The material below holds pictures; leave them out and reproduce exactly the lines from the one with "Building Photo - 3951 S Ocean Dr" through the one with "1310 Heulu Street", inclusive.

# DATA FOR ANALYSIS
▽
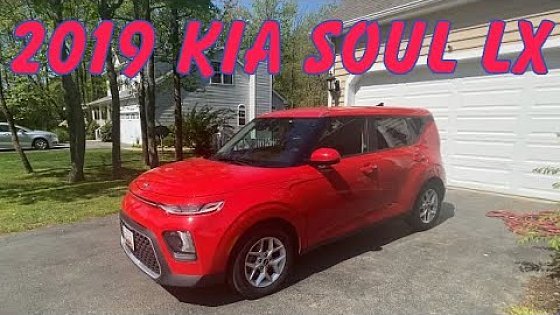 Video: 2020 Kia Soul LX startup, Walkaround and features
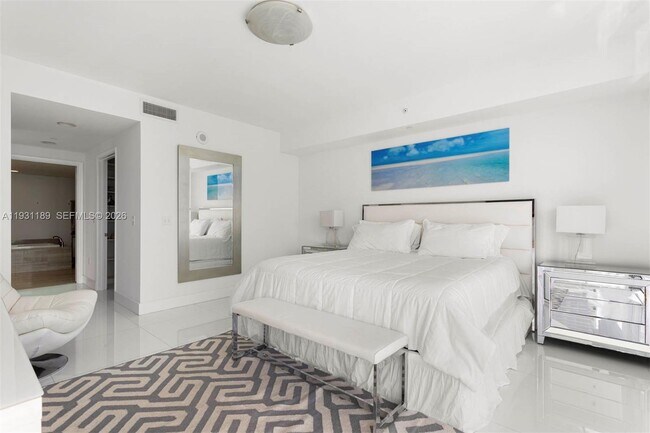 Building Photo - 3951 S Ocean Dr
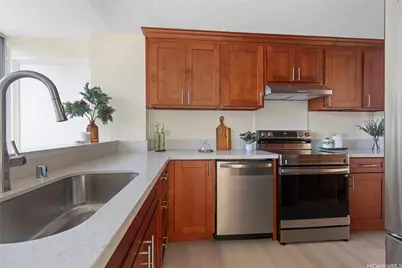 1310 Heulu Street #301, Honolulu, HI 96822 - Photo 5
△
▽
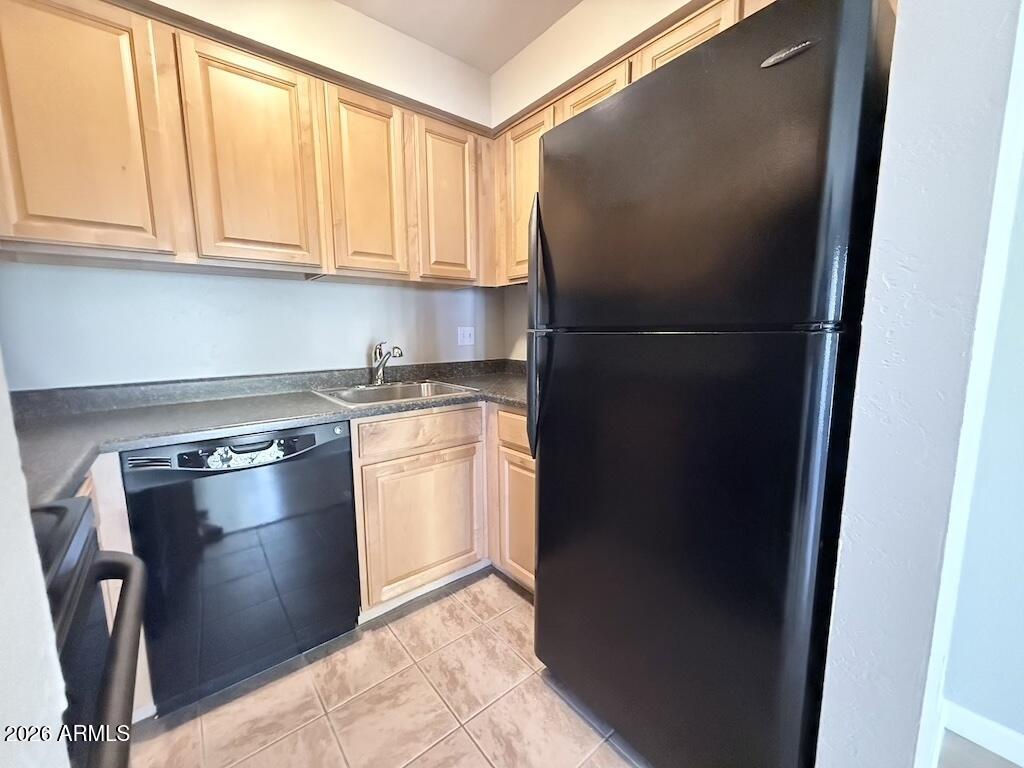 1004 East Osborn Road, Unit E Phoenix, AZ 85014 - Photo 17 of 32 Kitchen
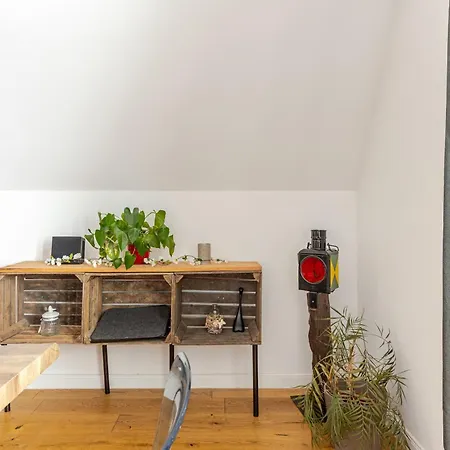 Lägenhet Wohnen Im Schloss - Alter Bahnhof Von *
△
# RESPONSE BOX
 Building Photo - 3951 S Ocean Dr
 1310 Heulu Street #301, Honolulu, HI 96822 - Photo 5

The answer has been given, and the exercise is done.